Nothing but the lines from the one holding "Terrain à BASSAN" to the final line of the listing below, both included, should be repeated, and each must match exactly. Omit pictures.
++++++++++++++++++++
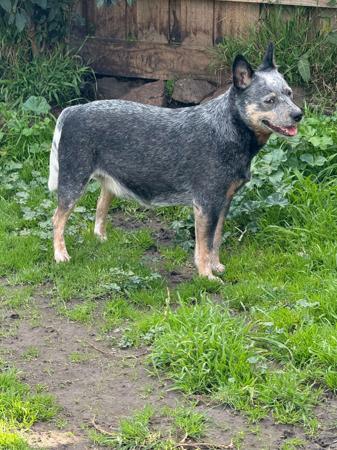 Australian Cattle Dog for sale by DREAMHEEL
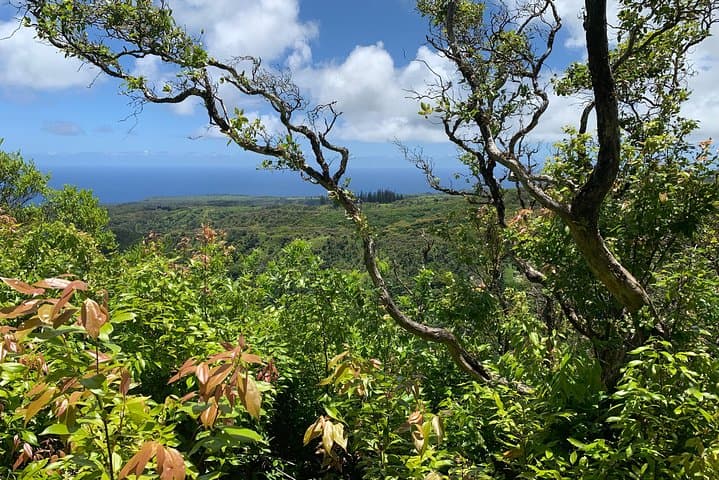 Hike Honolua Ridgeline: Puʻu Kukui Conservation Trek in Kapalua photo 4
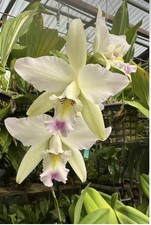 Laelia anceps Helen x Guerrero Orchid Rare Species 4” Pot Live Plant No Spike picture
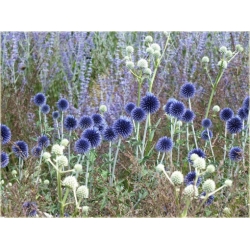 nasiona Przegorzan pospolity szt.10 Flxx109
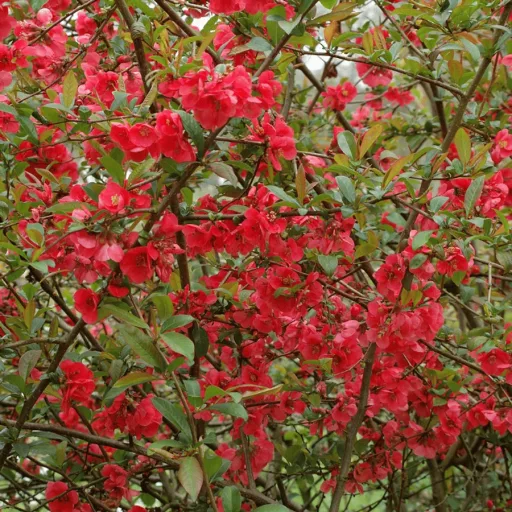 Chaenomeles superba K2 - Rózsaszín díszbirs – Évelő növények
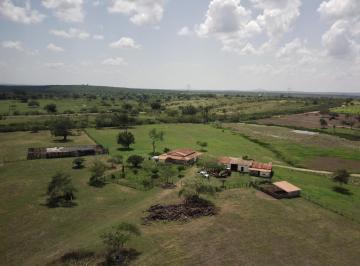Rural , Castro Alves · Fazenda em Castro Alves 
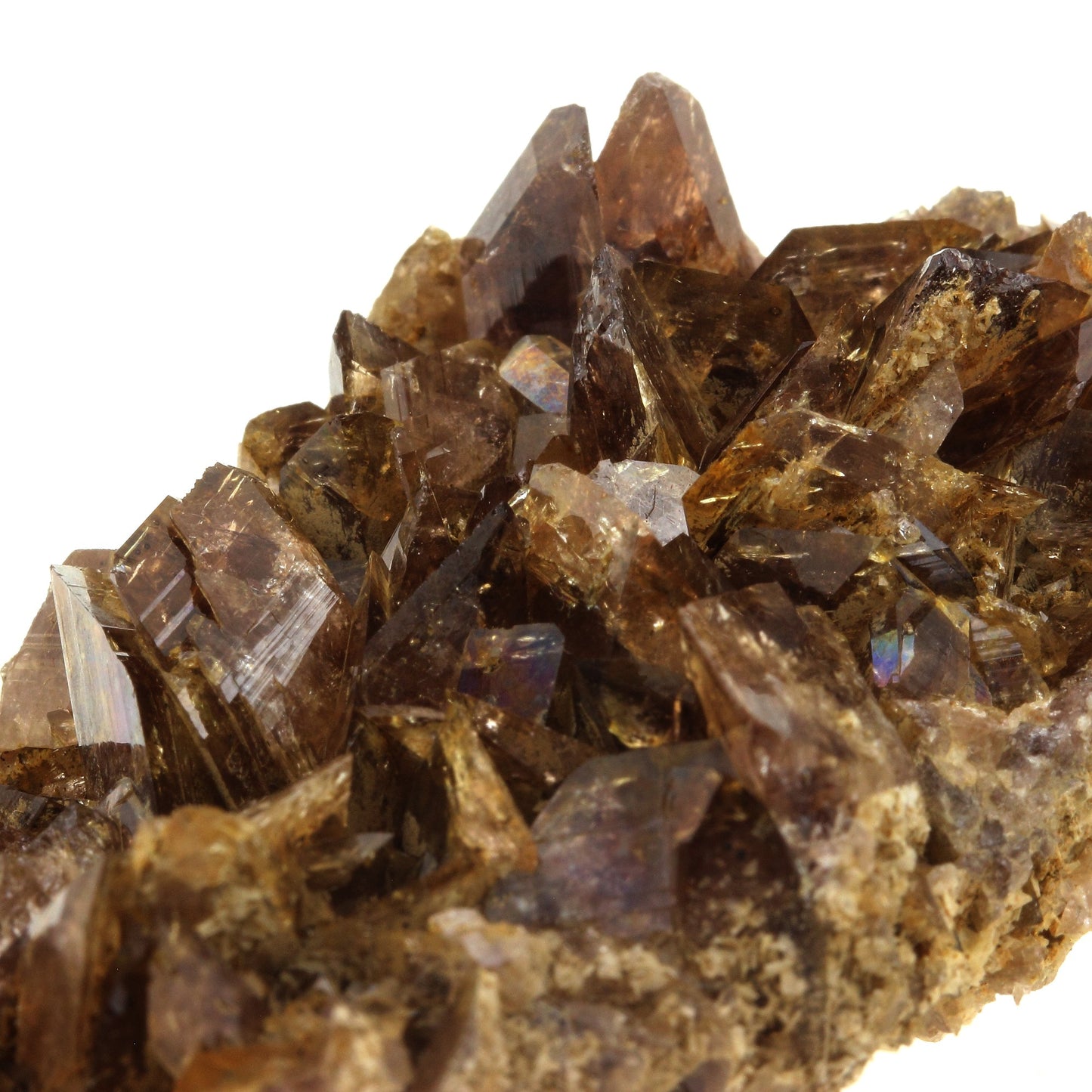 Axinite. 375.0 carats. Chamrousse, Belledonne, Isère, France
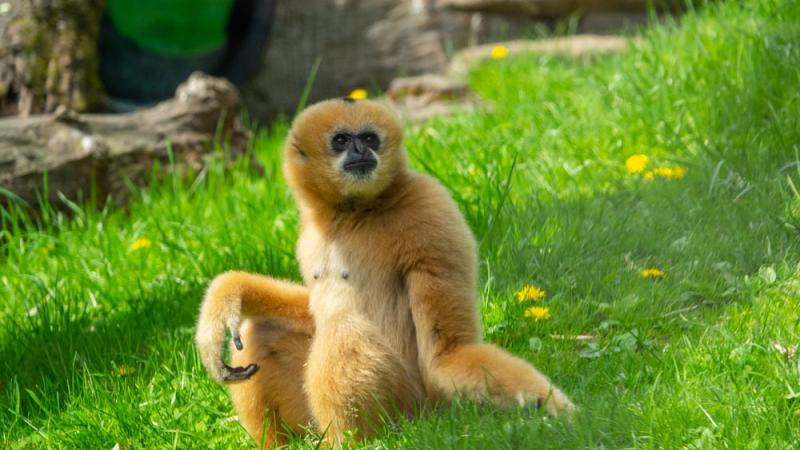 Female white-cheeked gibbon Harper in Primate Forest.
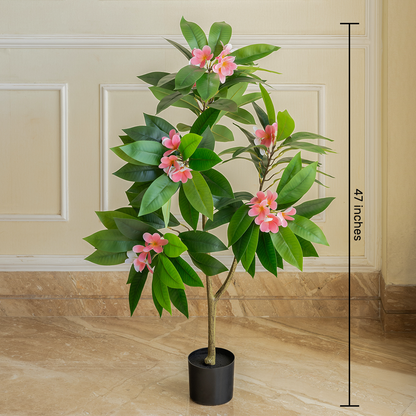 Frangipani Pink Echo Artificial Flower Plant For Home (4 Feet) (Natural Feel)
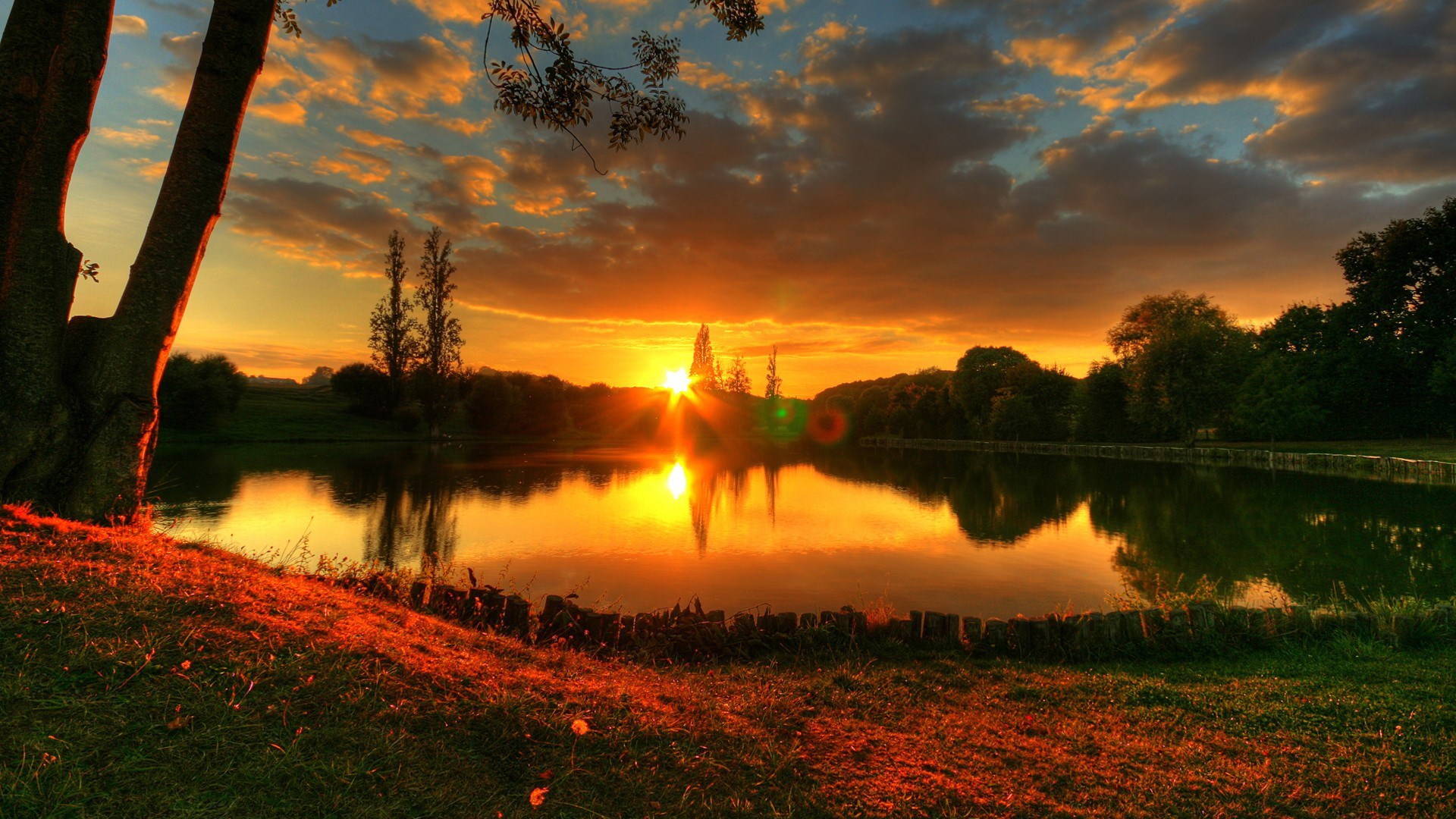 Sunset over a lake with trees and grass HD Wallpaper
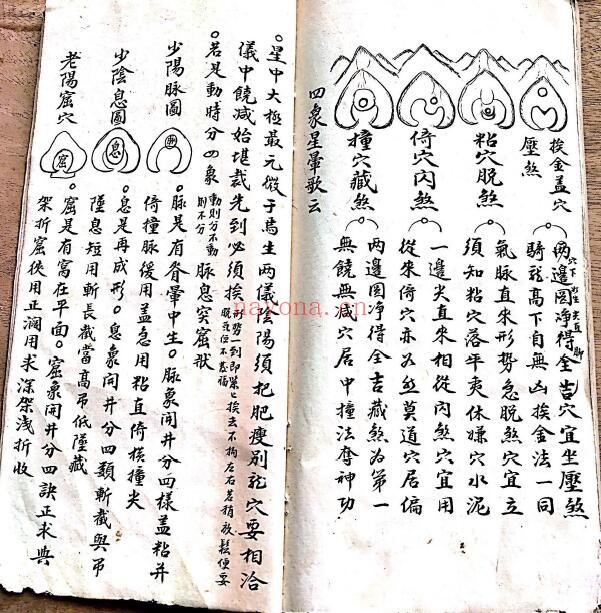 风水古籍《杨公万金改法搜坟经》60页双页版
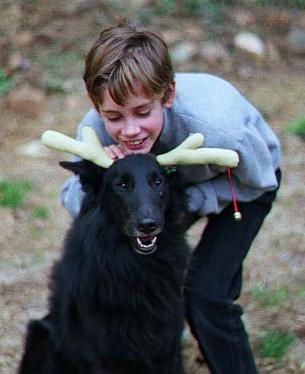 Magic with Antlers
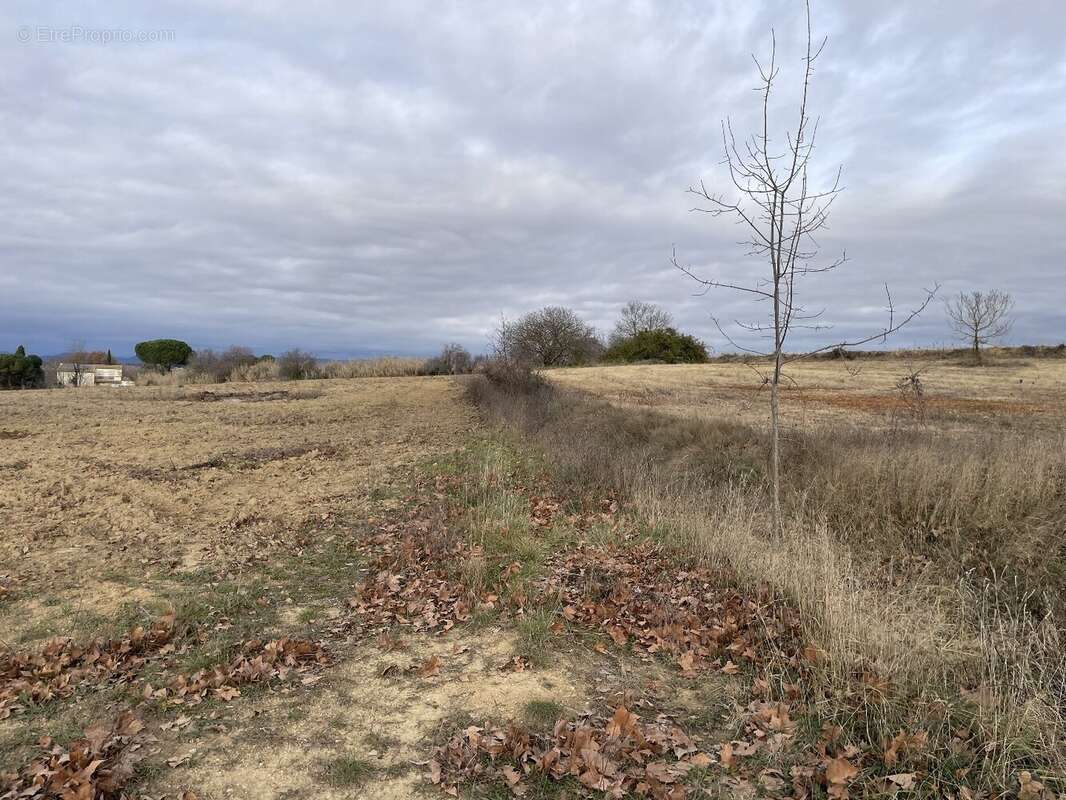 Terrain à BASSAN
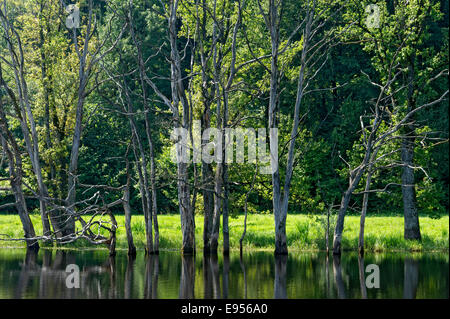 Les arbres morts sur la lande Lake dans le Seachtn électrique trous en mire Andechs, Oberbayern, Bavière, Allemagne Banque D'Images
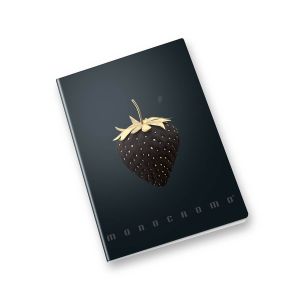 Zvezek A4 38 listni, 100g, črtan, Pigna, Monocrome Gold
++++++++++++++++++++
> **Solved exercise**:
 Terrain à BASSAN
 Les arbres morts sur la lande Lake dans le Seachtn électrique trous en mire Andechs, Oberbayern, Bavière, Allemagne Banque D'Images
 Zvezek A4 38 listni, 100g, črtan, Pigna, Monocrome Gold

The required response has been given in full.